The PM added: “My message to our friends in Europe is clear: you asked us to set out what we want in more detail, we have done that; we have shown we understand your principles; we have a shared interest in getting this right, so let’s get on with it.”

Speaker John Bercow had to calm MPs on both the Labour and Tory sides for heckling. Leading Brexiteer Iain Duncan Smith congratulated May on her “excellent” speech, saying it gave the EU “a very clear sense of direction”. He asked: “When she gets into negotiations with her European counterparts about trade arrangements, could she remind them that cake exists to be eaten and cherries exist to be picked?”

The issue of the Irish border dominated.

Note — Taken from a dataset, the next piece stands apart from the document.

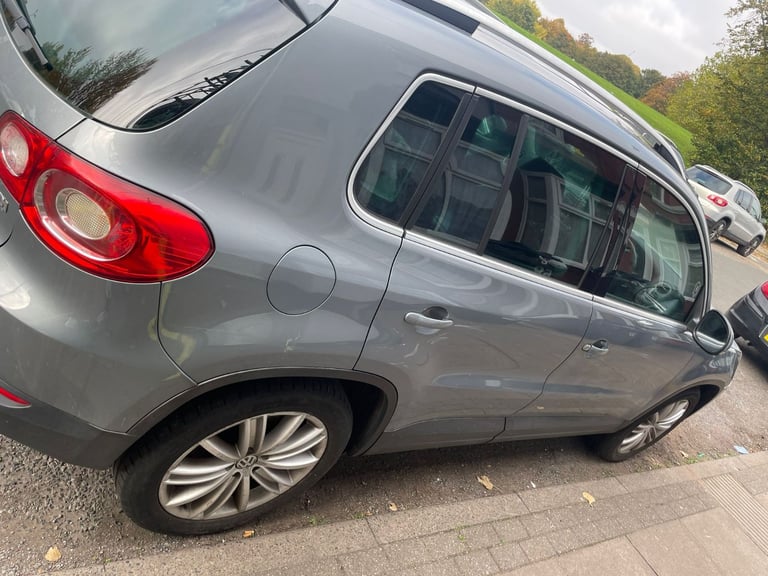 Volkswagen, TIGUAN, Estate, 2008, Other, 1968 (cc), 5 doors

Labour’s Yvette Cooper said taking the UK out of the customs union would risk security and increase smuggling, helping paramilitary groups raise funds.

“[May] has proposed that 80 per cent of businesses in Ireland would be exempt from any of those checks, but she will be aware that security experts have warned of the risk from not just physical infrastructure at the border, but an increased incentive for smuggling, particularly given the links between smuggler groups and paramilitary organisations,” she said.

“Why is she continuing to pursue a policy on the customs union that involves a risk of increasing both the smuggling and security threats?

Arch Brexiteer Jacob Rees-Mogg accused Brussels of acting in a “high-handed” fashion over its insistence there should be no hard border.